Una de las características más notables del labrador retriever es su carácter. Debido a su apariencia amigable y su carácter excepcionalmente sociable, esta raza canina ha sido la más popular del mundo por más de una década. Además, la estabilidad de carácter de estos perros los ha convertido en grandes socios de la humanidad, colaborando como perros de rescate, perros de terapia, perros de asistencia y mucho más.

El labrador retriever es sociable, amigable, leal, inteligente y amante de la diversión. Esta raza es fácil de entrenar, por lo que resulta una buena compañía si se cuenta con el tiempo y el espacio suficiente. Sin embargo, aunque el labrador se ajusta bien a diferentes estilos de adiestramiento canino, es preferible emplear métodos positivos.

El labrador suele ser muy amigable con personas y con perros, pero debe ser socializado correctamente cuando aún es cachorro. Un labrador retriever correctamente socializado suele ser una excelente compañía para los niños.

Esta raza tiene mucha energía y necesita mucho ejercicio. Por esto, aunque puede adecuarse a vivir en un piso, es necesario que reciba largos paseos y pueda jugar con otros perros.

La afición que tiene el labrador retriever por el agua es una de sus características conductuales. La raza también presenta una notable predisposición al cobro, por lo que es fácil enseñarles a traer cosas.

A pesar de sus grandes cualidades, el labrador retriever tiende a solicitar atención frecuentemente. Es importante educarlo desde cachorro para evitar problemas de búsqueda excesiva de atención y de ansiedad por separación.

Además, los labradores suelen tener una adolescencia prolongada, por lo que no son las mejores mascotas para personas que prefieren llevar una vida sedentaria. Sí son una buena opción para quienes disfrutan de actividades físicas al exterior.

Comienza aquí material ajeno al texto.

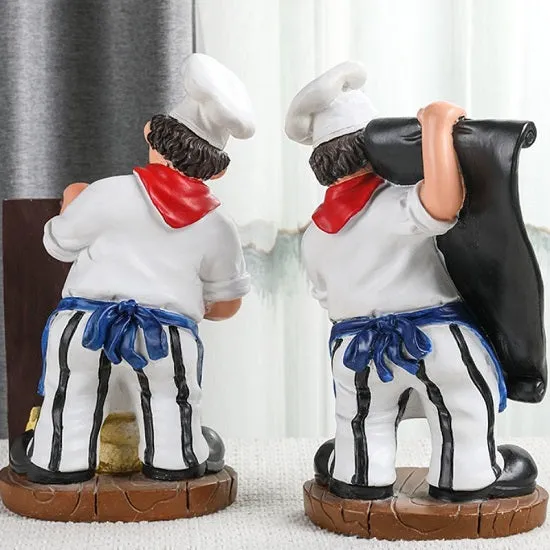 Kitchen French Chef Wine Rack Cup and Menue Holders Figurines Statues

Muchos labradores tienden a acercarse impetuosamente a otros perros, y esto puede causar conflictos con perros desconocidos. Sin embargo, el labrador retriever no es propenso a las peleas y normalmente las evita, aunque puede meterse en problemas por su ímpetu y energía.

El comportamiento de un perro al llegar a la adultez depende de dos factores, el genético y el ambiental. La variable genética no constituye, ni mucho menos, un programa rígido sino que sólo aporta una pequeña información comparada con la que aporta variable ambiental en la expresión final del comportamiento. Sin embargo a la hora de elegir un perro será de utilidad considerar todos los factores que pueden influir en la expresión del carácter del mismo. Será necesario tener en cuenta:

1. El pertenecer a una determinada raza sólo puede dar una expectativa en términos de probabilidades pero no constituye ninguna garantía. En otras palabras, cada individuo es diferente a otro
2. El tipo de crianza que recibió el cachorro hasta el momento de la adopción.
3. El tipo de vínculo que se establezca entre la familia y el perro, así como la estimulación y educación que este último reciba.

Por todo lo expuesto, la elección del cachorro adecuado para los gustos y necesidades del grupo familiar es sólo un primer y pequeño paso para lograr una convivencia en armonía. Las condiciones indispensables para la misma son la correcta estimulación del cachorro desde su nacimiento y la educación del mismo desde su ingreso al nuevo hogar.

CONSIDERACIONES FINALES:

1. El Labrador es uno de los prototipos del perro de familia, ya que suele presentar tanto una muy buena relación con los chicos y disfrutar de los juegos con ellos como un bajo nivel de dominancia con sus propietarios y una muy buena respuesta al entrenamiento de obediencia.

2. Es una raza cuyos ejemplares son generalmente poco ladradores y no muy inquietos, aunque requieren ejercitación en forma cotidiana y rutinaria.

3. Si bien no puede considerarse al Labrador como uno de los perros más aptos para ser guardianes del hogar, pero si se le educa para realizar las funciones de perro guardián las cumplirá de manera efectiva.

4. El Labrador suele ser un perro bastante glotón por lo que no tiene tendencia a regular por sí mismo la cantidad de ingesta de alimento. Debido a ello resulta importante controlar especialmente este aspecto a fin de evitar la obesidad.